### Data excerpt
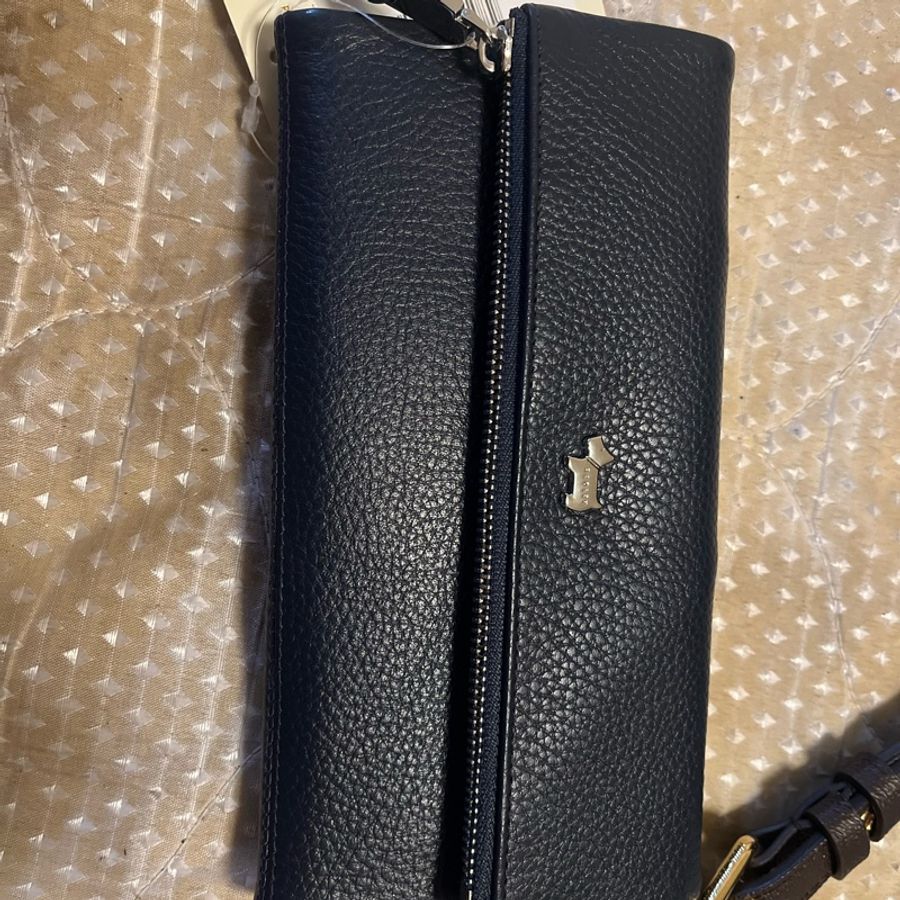 英國🇬🇧品牌真皮長夾全新只拍照-6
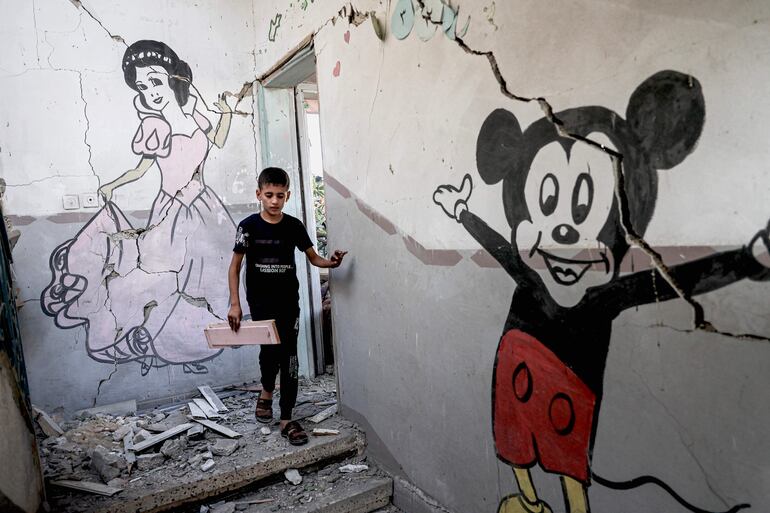 Un niño camina entre los escombros de un edificio dañado por un bombardeo israelí en Rafah, en el sur de la Franja de Gaza, este lunes.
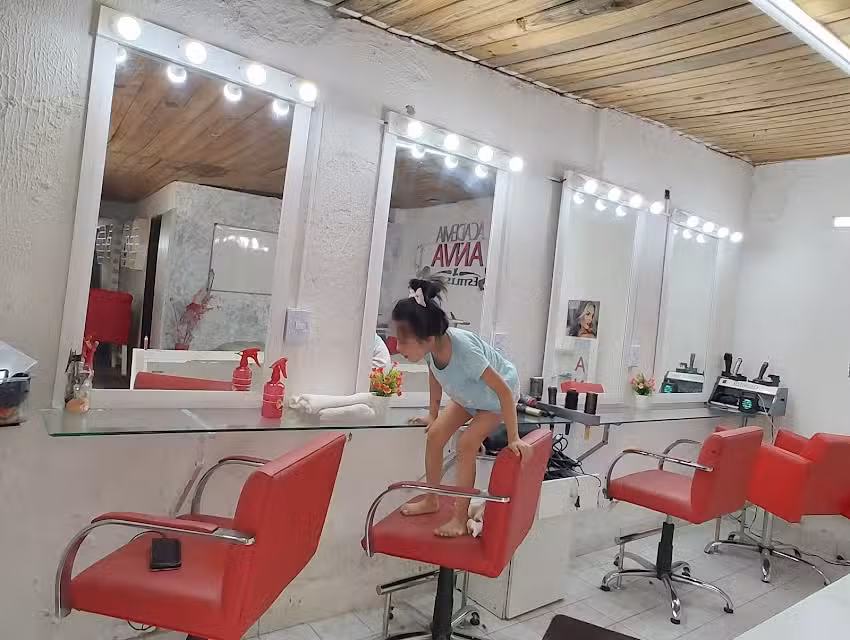 ANVA Estilistas Profesionales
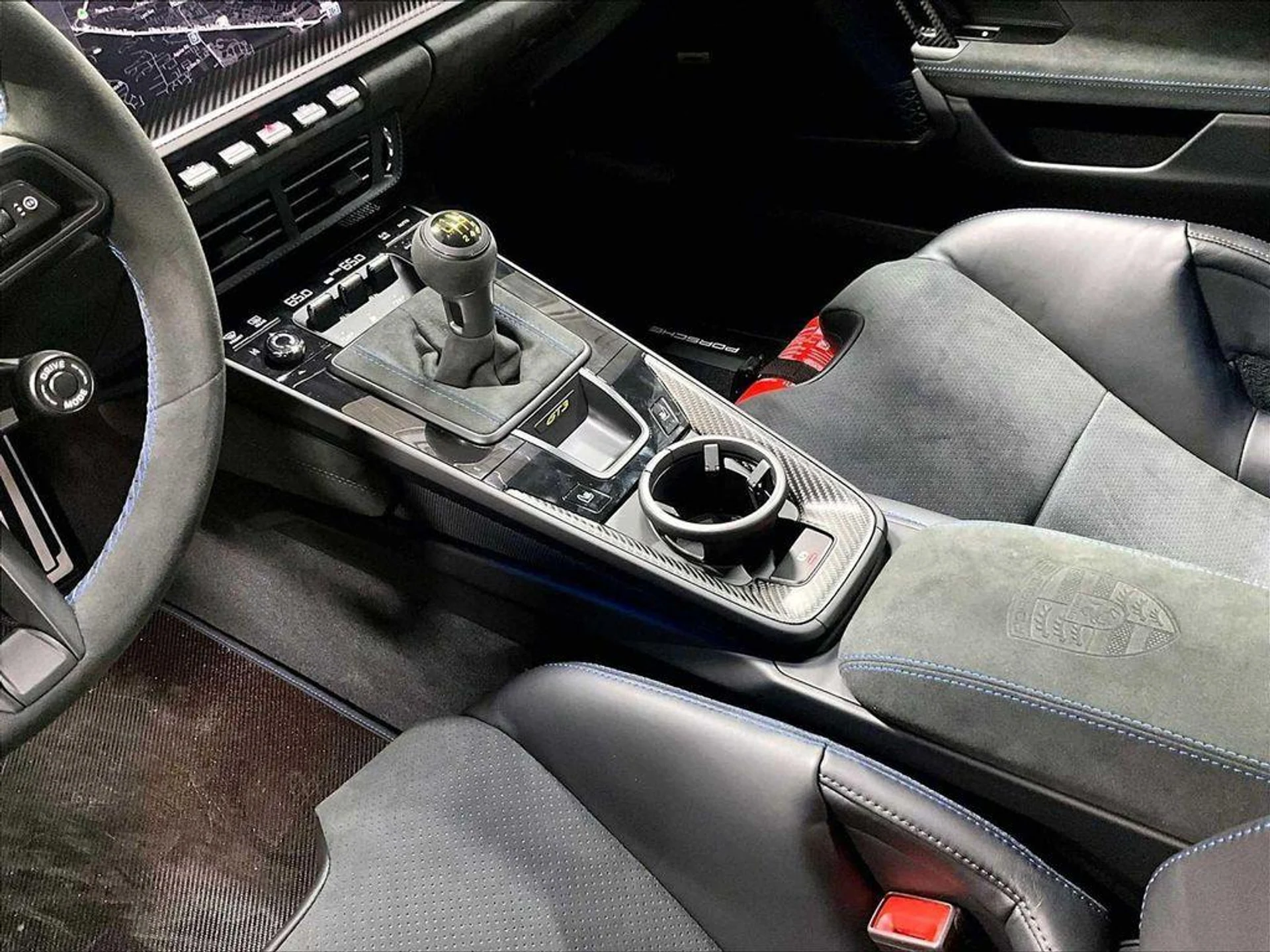 mph014_3126354155_f6_H8bjf_MCK_Aco_Dzmn_Q0_GK_9_Nq07w_e1690e99bf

### Prompt
With the pictures removed, return the listing above in its exact original wording.

### Output of the exercise
 英國🇬🇧品牌真皮長夾全新只拍照-6
 Un niño camina entre los escombros de un edificio dañado por un bombardeo israelí en Rafah, en el sur de la Franja de Gaza, este lunes.
 ANVA Estilistas Profesionales
 mph014_3126354155_f6_H8bjf_MCK_Aco_Dzmn_Q0_GK_9_Nq07w_e1690e99bf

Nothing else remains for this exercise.